6) I padroni sfruttatori della classe operaia per ottenere il profitto, rischiano. L’impiegato pubblico no. Costruisco porte blindate, arrivano i sistemi antiallarme e perdo il mercato. Se confrontiamo la lista delle 500 maggiori imprese americane del 1955 con la lista del 2019 vedremo che solo il 10% delle aziende ha resistito, il che significa che 9 grandi aziende su 10 a distanza di 70 anni non sono più tali. E’ un ricambio che consente di capire come funziona l’economia di mercato e la concorrenza. Questo dato va messo in relazione con l’idea di progresso che attiene al miglioramento delle condizioni di vita. Nell’Europa medioevale la speranza di vita era 30 anni, nel Novecento tra le due guerre, attorno ai 55 anni, oggi in Europa occidentale veleggiamo sugli 81/82 anni. Negli ultimi 250 anni abbiamo avuto a disposizione infinitamente più cose (beni e servizi) di quanti ne avessero i nostri nonni, e collaboriamo con molte più persone che non conosciamo, senza avere scopi comuni ma solo sulla base delle reciproche convenienze.
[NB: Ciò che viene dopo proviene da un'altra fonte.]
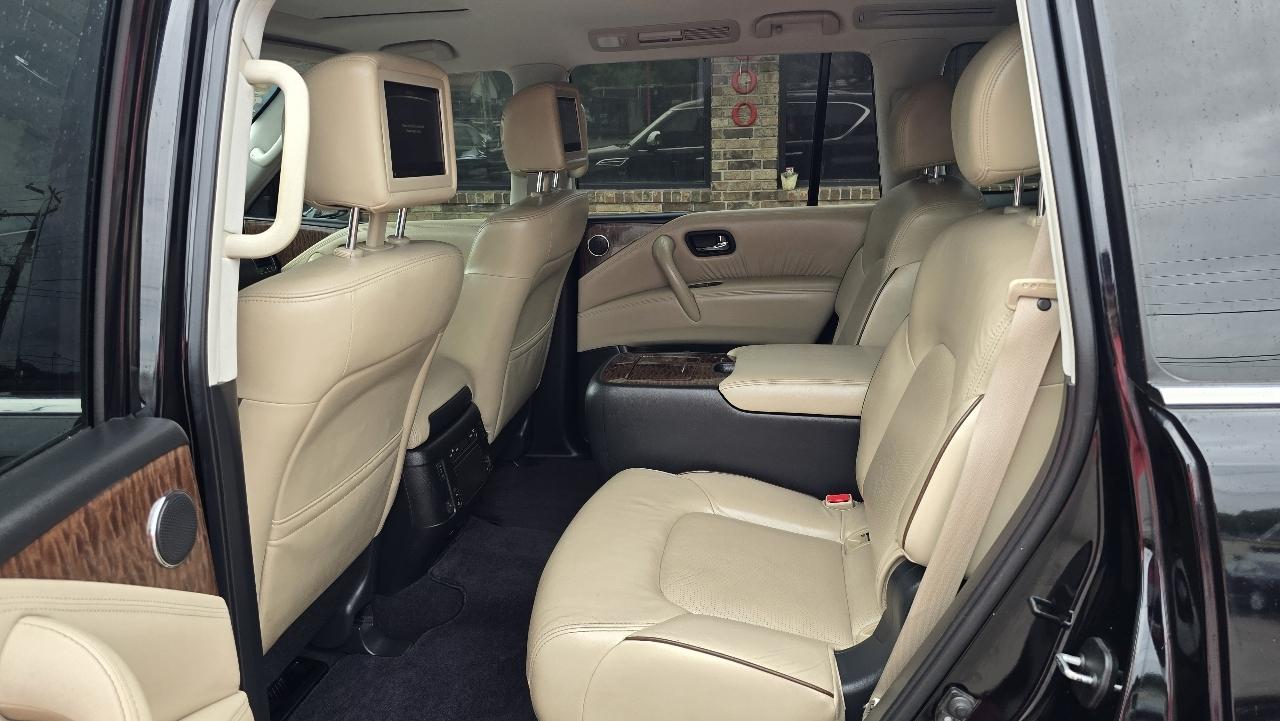Nissan Armada 4x2 Platinum 2019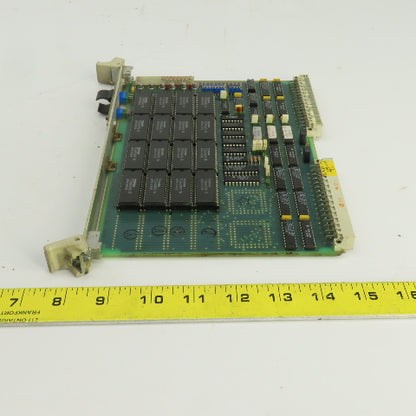Liebherr ABB GJR5137100R0012 35 PS 91 PLC Board
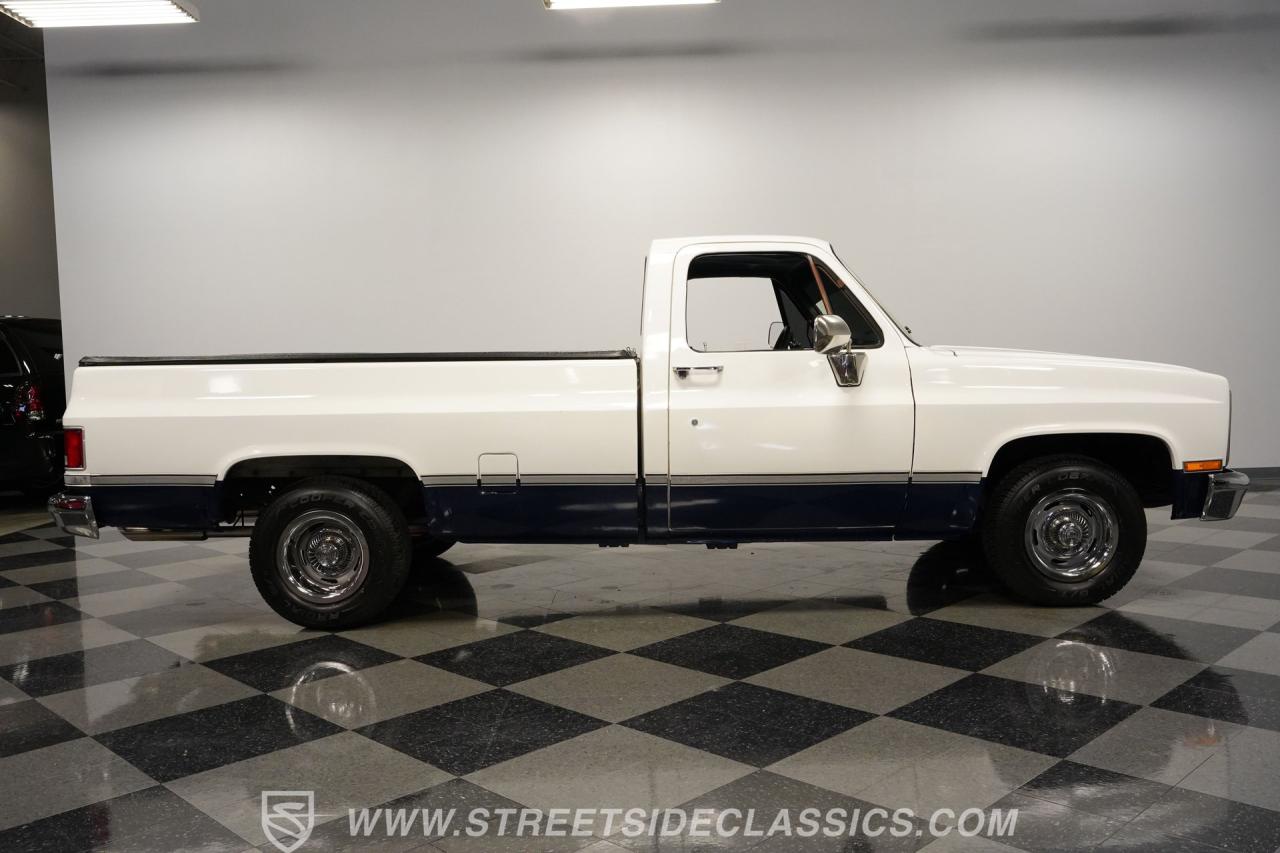 1984 Chevrolet C10 Restomod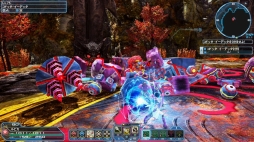 画像ギャラリー No.019のサムネイル画像 / 「PSO2」,6周年記念アップデート「月と神、龍と女王 Part1」が本日実装。TVアニメ「BEATLESS」とのコラボスクラッチが登場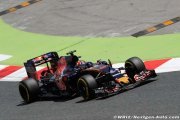 Kvyat : Toro Rosso m'a bien aidé à faire mon retour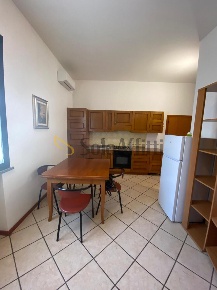 Foto Appartamento in Via Melozzo da Forlì 38, Rimini di 54 m² con 2 locali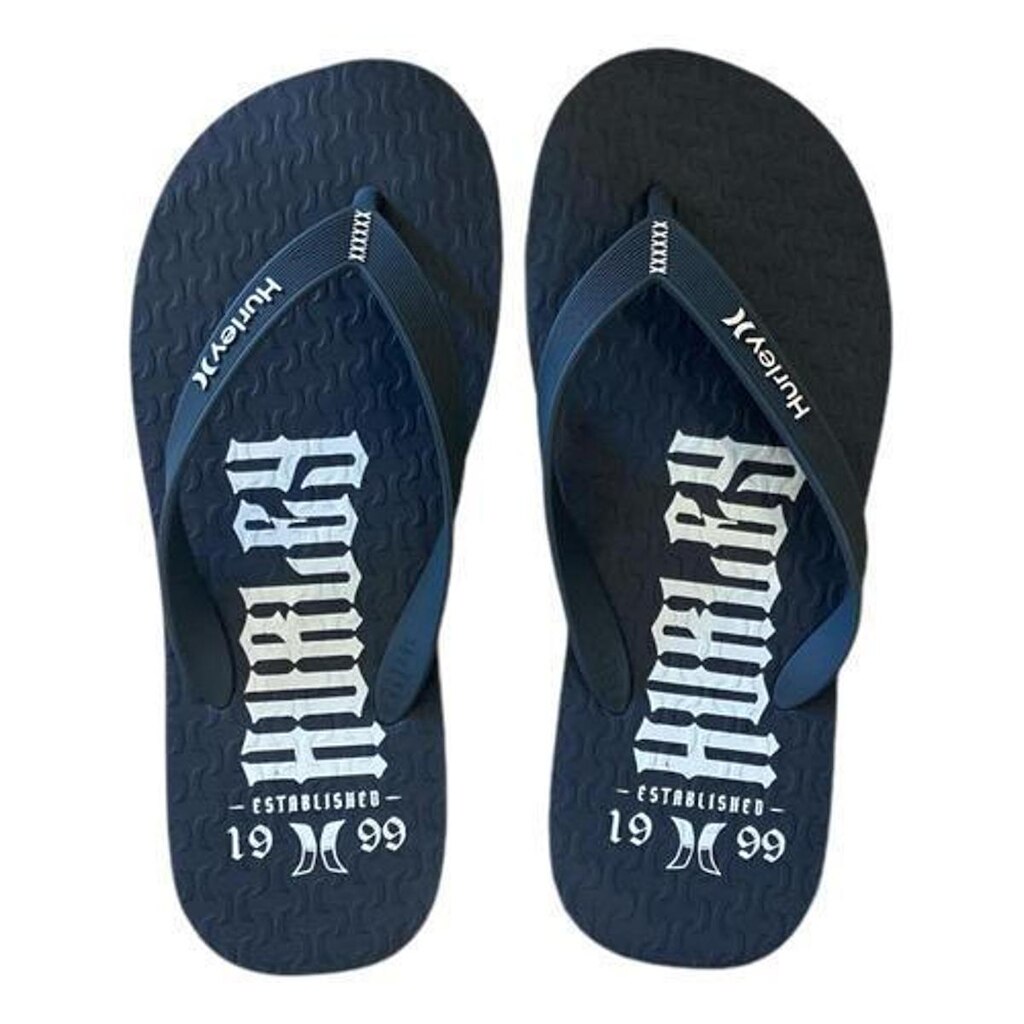 Chinelo Hurley Label Original Masculino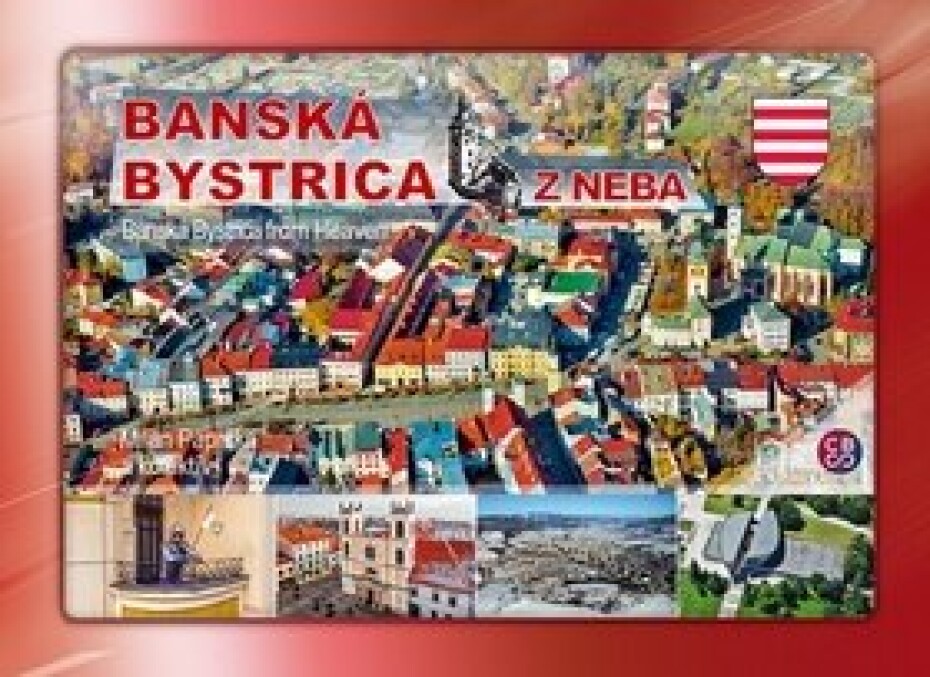 Banská Bystrica z neba - Milan Paprčka - main (0)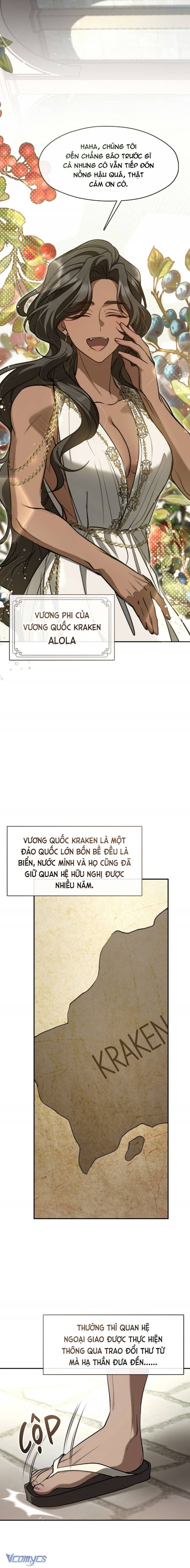 Không Thể Thoát Khỏi Người Chapter 146 - Trang 2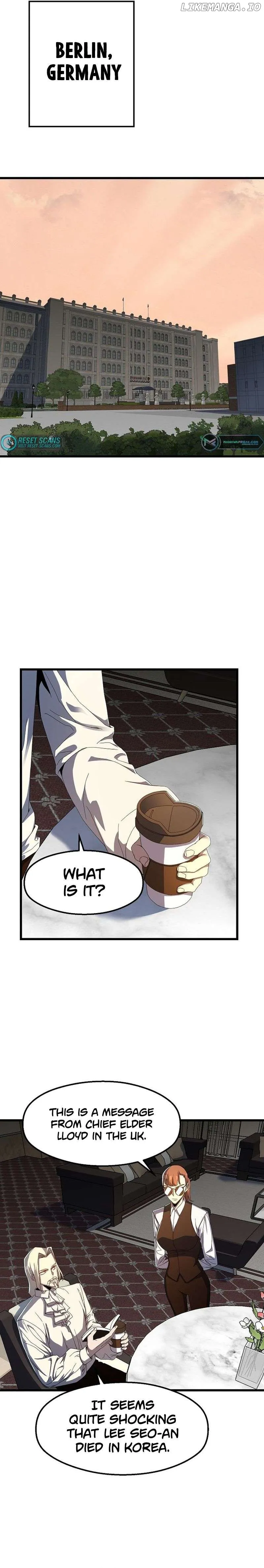 The Strongest Unemployed Hero Chapter 61 Online - página 14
Vedo che molti pensano (senza dirti come) che lo Stato sia capace di scelte migliori di quelle che si fanno nel mercato. Ormai i valori culturali vanno in questa direzione e si comincia pure a capire perchè questo avvenga. Il sistema capitalista ci ha consentito una mobilità inimmaginabile (attraverso mezzi sempre più veloci) e così abbiamo perduto i punti di riferimento che avevamo nelle società tradizionali. Sono venute meno antiche certezze per cui ciascuno di noi cerca una compensazione entrando a far parte di qualcosa di più grande. Sia un movimento rivoluzionario oppure un’associazione religiosa, una causa politica o un comitato per il no, si tenta di radicarsi di nuovo in qualcosa perchè la nostalgia del paesello persiste sempre davanti all’alienazione della grande metropoli.